The second kernel has the same number of threads as the first kernel. Each thread block travels vertically through the matrix (Figure 1(b) ). This is a more memory-friendly scheme compared to MAGMA, since blocks are fetched in compliance with the data layout (column-major format). This scheme achieves thus better profiling in terms of number of load instructions from global memory and L2 cache than MAGMA (see Section 5).
Going at a lower level in the kernel design (the thread-level strategy), each diagonal block computation produces a partial result, a 64-element vector. A non-diagonal block computation produces two 64-element vectors. We enumerate the new contributions in this strategy.
Separating Different Computation Patterns. Diagonal blocks have different processing strategy than non-diagonal blocks. Therefore, they require different resources in terms of registers and shared memory. Since one SM can host multiple thread blocks, separating different computation strategies can allow multiple thread blocks/SM for kernels that are not resource-consuming. This is the main reason why the diagonal block computation has been separated from non-diagonal block computation.
Data Prefetching. Data prefetching [6] arises almost everywhere in our design. Each block is divided into smaller pieces, which we refer to as chunks. A software pipeline is implemented to hide the memory latency by prefetching the next chunk of data, while a current chunk is being processed. This is a burden on the GPU memory resources, so organizing the work between threads has to be within the physical resource limit allowed per thread as well as per SM. Figures 2(a) and 2(b) describe how data prefetching is applied to diagonal and non-diagonal blocks, respectively. In the non-diagonal case, prefetching spans blocks; while processing the second chunk of a given block, the first chunk of the next matrix block is being prefetched.
Using More Registers.
A very important feature of our kernel is that it completely avoids computing partial products in shared memory. Shared memory is used only in a final reduction step before a partial result of an entire block is written into global memory. This feature avoids paying a penalty in terms of potential shared memory bank conflicts. It also reduces the occurrences of synchronization points. Using registers pays off very well, especially when register spilling to local memory is avoided. This is guaranteed on Fermi as long as each thread uses 63 registers or less.
Experimental Results
All experiments were executed on a single Fermi C2070 GPU, with 448 cores and 6 GB of DRAM, connected to a machine with dual socket quad core Intel Xeon processor, running at 2.67GHz, and with 24 MB of main memory. The kernel is implemented using CUDA C v4.0 and originally designed for matrices of dimensions that are multiples of 64. For other irregular dimensions, the matrix is padded with zeros inside the SM shared memory and registers. No padding is done in global memory.

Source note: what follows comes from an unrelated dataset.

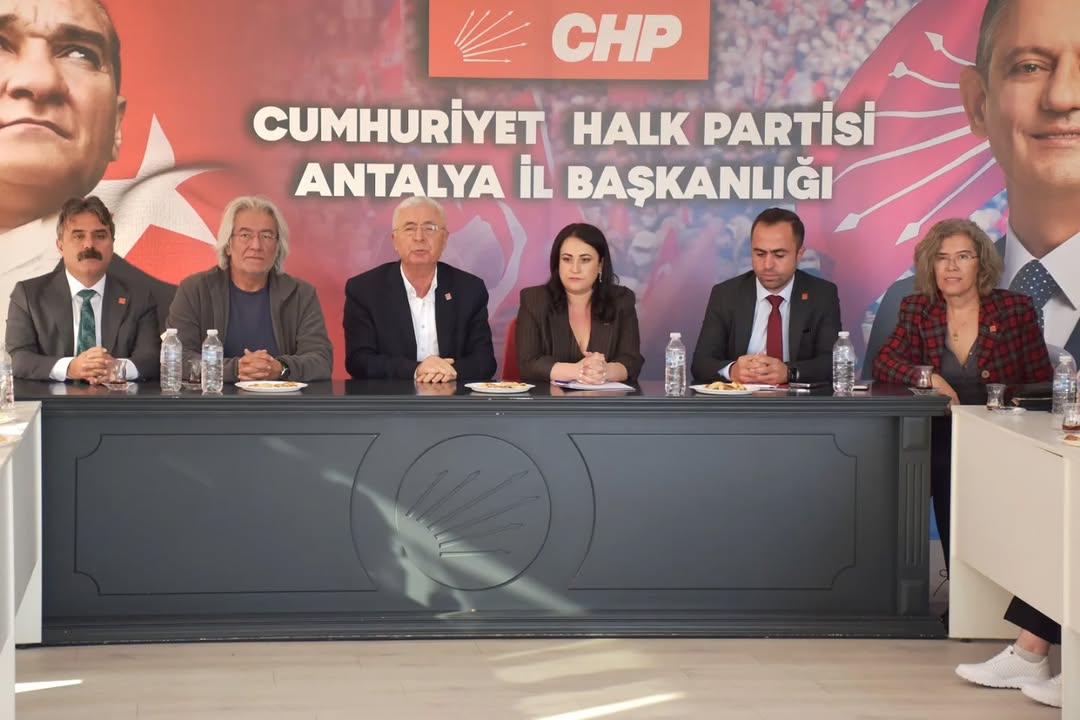 CHP Antalya'da Parti Okulu Koordinatörlüğü Görev Değişimi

Figures 3(a) and 3(b) show the performance results (in Gflop/s) for SP and DP, respectively. The proposed design is far better than the CUBLAS 4.0 kernel. There are some dips in the SP performance, which we are trying to resolve. Overall, there is a 7-8% improvement over MAGMA in SP. The performance gap widens in DP and reaches more than 30%. Although our kernel is mainly tuned for DP, the smaller improvement seen for SP against MAGMA is explained below along with the memory performance analysis. Since the kernel is memory bound, the reported performance numbers are far below the theoretical floating point peak performance. However, we can get intuition about the quality of the kernel design by translating Gflop/s into GB/s to see how close we are from the Fermi peak memory bandwidth. Fermi C2070 GPUs have theoretical peak memory bandwidth of 144 GB/s (with ECC turned on). However, the actual (sustainable) peak memory bandwidth is about 103 GB/s (when ECC is on). This information is obtained by running a CUDA implementation of the STREAM benchmark [8] . The memory bandwidth is calculated by dividing the amount of useful data loaded/stored from/into global memory by the total runtime of the kernel. For the SYMV kernel, and a matrix of dimension N , the total amount of useful data is from A, X, and Y , that is, Figures 3(c) and 3(d) show the memory bandwidths of the SP and DP kernel versions. Our kernel scores about 70% (SP) and 80% (DP) of the actual peak memory bandwidth. This is 7-8% (SP) and 30% (DP) better than MAGMA, and 250% (SP) and 140% (DP) better than CUBLAS 4.0. It is interesting to see how the improvements in memory bandwidth matches those of performance. As previously mentioned, memory bandwidth improvement in SP is less than in DP. Running the same DP kernel for SP means saving more registers per thread, and loading less data each time. We thought that doubling the block size as well as the number of threads would result in memory bandwidth similar to the DP case. However, we were not able to double the number of threads in an SM because we are already using the maximum possible number on Fermi. 
Performance Analysis
In this section, we analyze the performance of the new kernel, by studying the performance counters obtained from the nVidia and PAPI-CUDA [3] profilers. All three kernels were tested for matrix dimensions up to 10000. We selected the most relevant performance counters to the proposed kernel study. All results in this section are for the DP kernel. The first performance counter is the number of 64-bit load instructions made to the global memory. In general, going to global memory is a penalty, so the less we refer to global memory the better. Our experiments shows that the proposed design achieves 17% less load instructions than CUBLAS, and 13% less load instructions than MAGMA. Although the improvement is not significant, it could potentially have strong impact on performance, due to the huge penalty of going to global memory. In addition, shared memory has higher latency than registers. Since we minimize the usage on shared memory, Figures 4(a) and 4(b) show that we refer less to shared memory and thus, pay much less penalty in terms of bank conflicts. The burden is rather put on registers, which are faster to read and compute, and do not have restrictions of the load pattern. It is noteworthy to mention that CUBLAS does not encounter any bank conflicts, though being the slowest kernel.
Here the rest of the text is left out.